I wrote mine along similar lines, except without using hashing at all. Files of identical size are compared byte-by-byte instead, until first difference or end of file. As many files as possible at a time, of course, to avoid having to read through files multiple times. This avoids any uncertainty about hash collisions.
A hash is often use for an online algorithm. If you know the hash you know there is a potential for dedupe, and you can do a byte for byte comparison. I suppose you could use size as a prefilter for dedupe. This is if you do dedupe on a file level. Dedupe on block level doesn't care about the content, only the blocks, and it's not unusual to see for instance mp3 files with the same mp3 stream but different metadata. You cannot do the latter without hashing.
I can think of a slightly more general solution to the problem of not being sure if A and B are different views on the same file or not, especially if you plan to hardlink one to the other: Hardlink A to a tempfile, hardlink the tempfile in place of both A and B, then remove the tempfile. This will give the right outcome regardless of whether A and B are secretly the same underlying file (assuming that they are on the same filesystem).
One of the odd things I've seen that marks a "good" admin from a "bad" admin is their reliance on md5s as a checksum for file differences for anything in bulk. It's extremely rare to see a collision, but it definitely happens (I've seen it once after a decently sized config change. Nobody believed me :( ). That's not to say it's not a useful hash, just that it should be used with caution.
While it's rare, do remember that hash collisions need to be thought of in birthday-paradox terms, which does increase the chance of observing a collision significantly. Hitting MD5's birthday point (50% chance of collision) requires a couple tens of quintillions of hashes, but that's probably a lot smaller number than people expect, and a not-unreasonable number to see in a sufficiently large-scale data archiving system.

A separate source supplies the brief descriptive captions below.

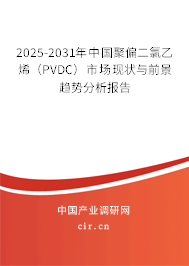 2025-2031年中國(guó)聚偏二氯乙烯（PVDC）市場(chǎng)現(xiàn)狀與前景趨勢(shì)分析報(bào)告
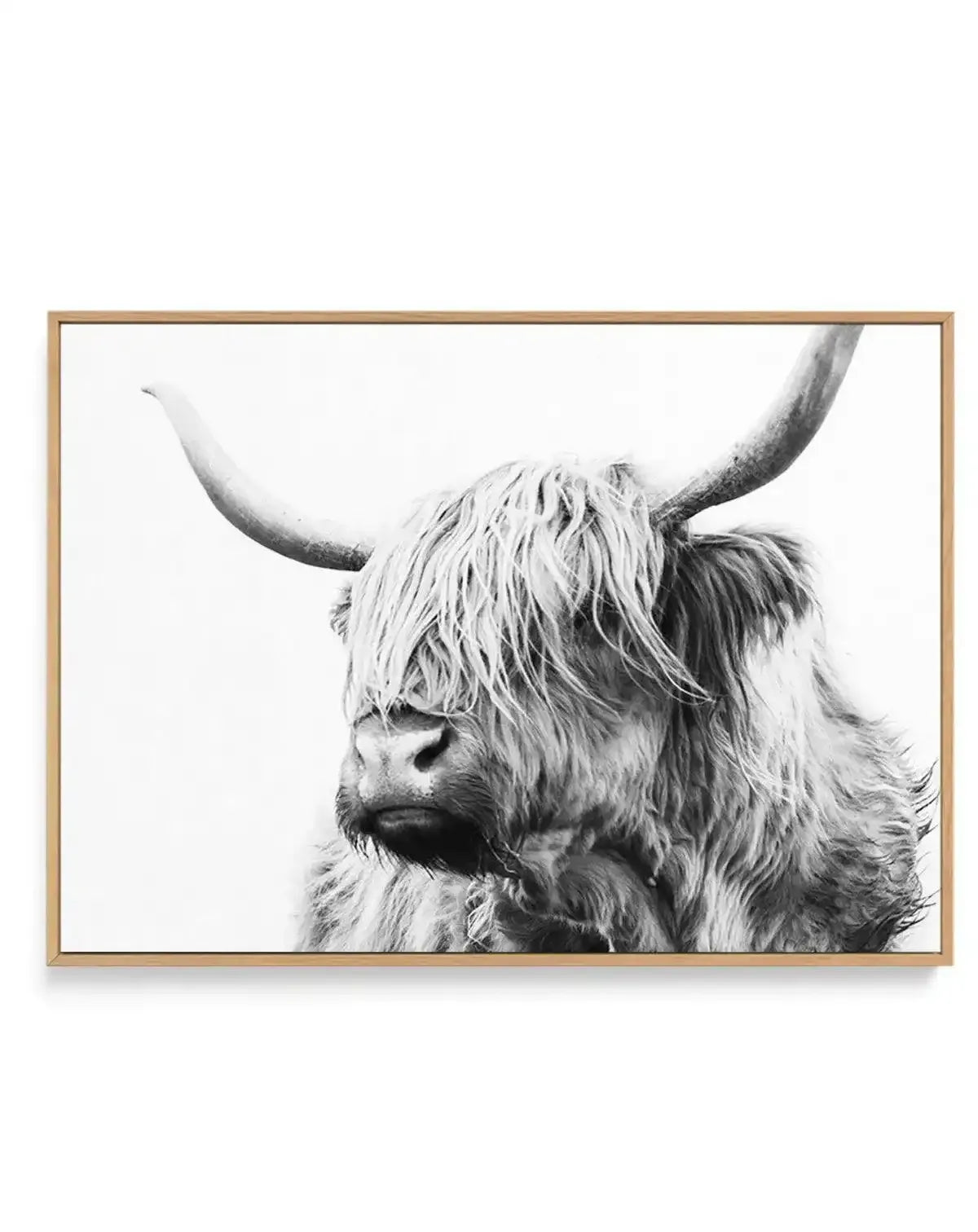 Highland Cow B&W Close-up | Framed Canvas-CANVAS-You can shop wall art online with Olive et Oriel for everything from abstract art to fun kids wall art. Our beautiful modern art prints and canvas art are available from large canvas prints to wall art paintings and our proudly Australian artwork collection offers only the highest quality framed large wall art and canvas art Australia - You can buy fashion photography prints or Hampton print posters and paintings on canvas from Olive et Oriel and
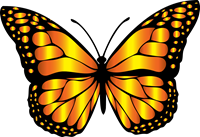 Butterfly Picture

(meanwhile there's stuff in the wild using things like Java hashCode() to determine identities, and the birthday point on that is only around 75k IIRC)
"probably a lot smaller number than people expect"
If you crunch your way through files (and lets assume they're random from the hash functions point of view) for 10 years, you have to calculate the hash of 60.000.000.000 files / second - to have 50% chance of finding a collision. If the average filesize is 1 KB, that is ~56TB data every single second.
Md5 is not bad as long as you're not expecting malicious input, or gigantic datasets.
Well, a couple years ago it was reported that YouTube alone receives 300 hours' worth of video uploads every minute. That's without considering other social-media properties with file-upload capability, or PaaS offerings like AWS.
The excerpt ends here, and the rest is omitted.